Отдышавшись, он огляделся. И не узнал место, в котором очутился. Варок! Какой это ярус?
Прислушался.
Тихо.
Неужели оторвался?
Коридор заканчивался массивной кованой дверью.
Олешка устало подёргал засов. Заперто. Придётся возвращаться.
Но прежде – хоть передохнуть малость.
Княжич уселся прямо на каменный пол, прислонившись спиной к холодному железу. Ничего себе приключеньице! Чтоб впредь ночью за порог… Ни шагу! Ни за какие коврижки!!!
Хотя до родной келейки ещё добраться надобно. А куда двигать, росс не имел ни малейшего представления. С перепугу он залетел в какой-то совсем незнакомый конец обители.
Коридор был в длину саженей двадцать. По левую руку, почти под самым потолком, тянулся ряд узких окошек – и не допрыгнешь, чтоб выглянуть во двор.
Стылый месяц лучами-кинжалами разрезал пыльный воздух.
Справа в стене пугающей темнотой зияли непонятные углубления.
«Вот чуток посижу – и пойду», – успокоил себя отрок. Обхватил колени, потеплее укутавшись в тулупчик и прикрыв глаза. После всех этих ночных похождений спать хотелось невыносимо: «Вот сейчас… Уже… Ещё немножко…»

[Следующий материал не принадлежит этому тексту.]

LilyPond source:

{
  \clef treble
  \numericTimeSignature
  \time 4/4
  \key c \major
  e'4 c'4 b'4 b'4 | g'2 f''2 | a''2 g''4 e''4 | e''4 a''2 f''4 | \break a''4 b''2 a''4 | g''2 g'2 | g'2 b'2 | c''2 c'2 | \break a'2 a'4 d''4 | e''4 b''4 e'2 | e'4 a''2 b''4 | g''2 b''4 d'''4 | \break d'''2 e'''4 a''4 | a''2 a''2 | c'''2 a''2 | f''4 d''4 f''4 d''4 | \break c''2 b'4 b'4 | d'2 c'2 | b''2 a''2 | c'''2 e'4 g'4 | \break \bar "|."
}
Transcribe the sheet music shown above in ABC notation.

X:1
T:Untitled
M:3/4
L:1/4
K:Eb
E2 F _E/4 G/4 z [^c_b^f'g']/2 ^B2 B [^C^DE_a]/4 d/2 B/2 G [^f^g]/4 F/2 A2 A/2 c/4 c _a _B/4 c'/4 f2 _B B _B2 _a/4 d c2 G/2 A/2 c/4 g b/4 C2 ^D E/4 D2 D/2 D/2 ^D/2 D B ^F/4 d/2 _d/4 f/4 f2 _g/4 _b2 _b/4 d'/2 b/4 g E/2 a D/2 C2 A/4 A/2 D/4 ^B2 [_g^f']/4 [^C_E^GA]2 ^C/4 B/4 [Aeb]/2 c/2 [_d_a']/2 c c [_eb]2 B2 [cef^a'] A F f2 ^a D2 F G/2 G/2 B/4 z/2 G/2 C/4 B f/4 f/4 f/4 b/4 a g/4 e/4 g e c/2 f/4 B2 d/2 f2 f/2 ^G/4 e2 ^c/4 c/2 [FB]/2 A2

Сладкая Дрёма укрыла росса невесомым пуховым одеялом.
Каменщик
…Засов раскатом грома лязгнул прямо над ухом.
Олешка спросонья заметался: а?! что?! куда?! Бросился к ближайшей нише в стене, нырнул в неё и замер, забившись в угол и жадно вслушиваясь в звуки, эхом разносившиеся по коридору.

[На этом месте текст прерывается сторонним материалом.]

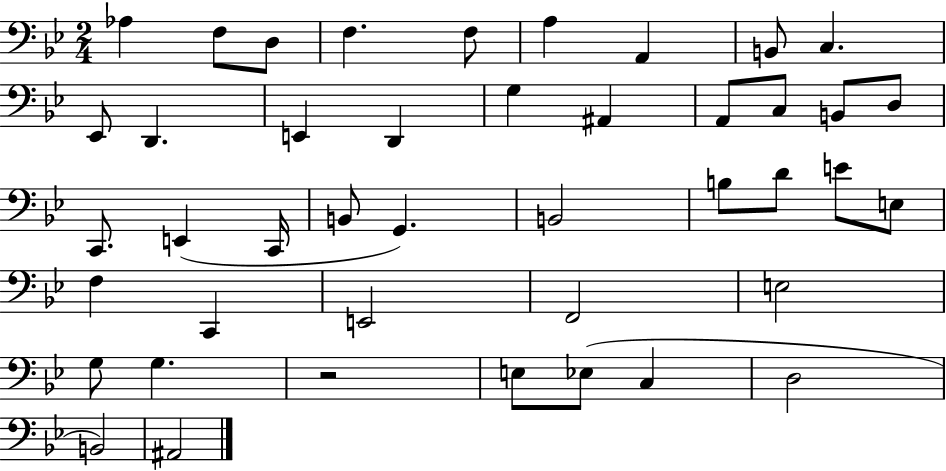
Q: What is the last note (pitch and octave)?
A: A#2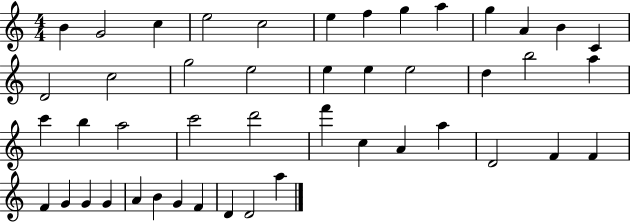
B4/q G4/h C5/q E5/h C5/h E5/q F5/q G5/q A5/q G5/q A4/q B4/q C4/q D4/h C5/h G5/h E5/h E5/q E5/q E5/h D5/q B5/h A5/q C6/q B5/q A5/h C6/h D6/h F6/q C5/q A4/q A5/q D4/h F4/q F4/q F4/q G4/q G4/q G4/q A4/q B4/q G4/q F4/q D4/q D4/h A5/q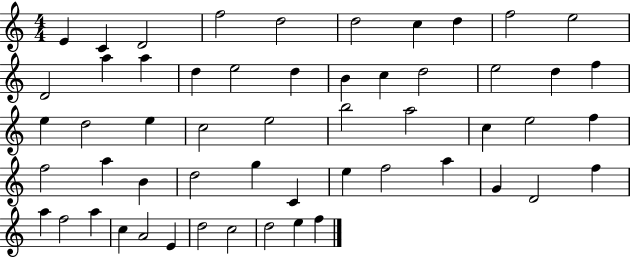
E4/q C4/q D4/h F5/h D5/h D5/h C5/q D5/q F5/h E5/h D4/h A5/q A5/q D5/q E5/h D5/q B4/q C5/q D5/h E5/h D5/q F5/q E5/q D5/h E5/q C5/h E5/h B5/h A5/h C5/q E5/h F5/q F5/h A5/q B4/q D5/h G5/q C4/q E5/q F5/h A5/q G4/q D4/h F5/q A5/q F5/h A5/q C5/q A4/h E4/q D5/h C5/h D5/h E5/q F5/q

Сначала с противным, продирающим до нутра клацаньем отворилась железная дверь. А потом…
Потом росс ощутил знакомую тяжёлую поступь. И странное – до дрожи! – позвякивание в такт шагам.
Шаги медленно, но верно приближались. Казалось, они грохочут по всей Академии. Отчего же никто не просыпается? Не спешит на помощь?!

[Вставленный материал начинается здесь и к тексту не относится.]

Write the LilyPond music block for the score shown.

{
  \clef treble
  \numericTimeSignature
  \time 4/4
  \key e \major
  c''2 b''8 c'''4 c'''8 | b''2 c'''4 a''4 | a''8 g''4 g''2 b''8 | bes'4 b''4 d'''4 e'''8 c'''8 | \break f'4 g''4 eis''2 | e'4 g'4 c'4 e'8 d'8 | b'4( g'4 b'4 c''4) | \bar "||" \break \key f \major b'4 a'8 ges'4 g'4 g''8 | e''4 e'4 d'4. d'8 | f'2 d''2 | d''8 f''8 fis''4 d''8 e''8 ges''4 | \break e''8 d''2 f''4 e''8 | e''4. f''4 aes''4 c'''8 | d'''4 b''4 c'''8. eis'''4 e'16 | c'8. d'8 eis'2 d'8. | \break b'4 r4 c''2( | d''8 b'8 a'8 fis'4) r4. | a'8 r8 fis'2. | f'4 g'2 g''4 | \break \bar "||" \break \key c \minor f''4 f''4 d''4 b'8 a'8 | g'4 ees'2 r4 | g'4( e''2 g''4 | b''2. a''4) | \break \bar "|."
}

Огромная тень заслонила проём ниши.
Сердце у Олешки упало. Он сжался в комочек, стараясь не дышать. Неужто всё?!
В тусклом отсвете княжич разглядел высоченного незнакомца. В длинном, до пят, балахоне с глубоким островерхим куколем33. Точь-в-точь как рассказывал Тариб.
Олешка с ужасом смотрел, как Каменщик безмолвно поворачивает голову в его сторону…
Росс зажмурился, сдавил руками уши: «Варок! Помоги!!!»
Он не запомнил, сколько просидел так. Видимо, долго.
Когда, наконец, открыл глаза, в проёме никого не было.
И этих чудовищных шагов тоже не слыхать. Вроде.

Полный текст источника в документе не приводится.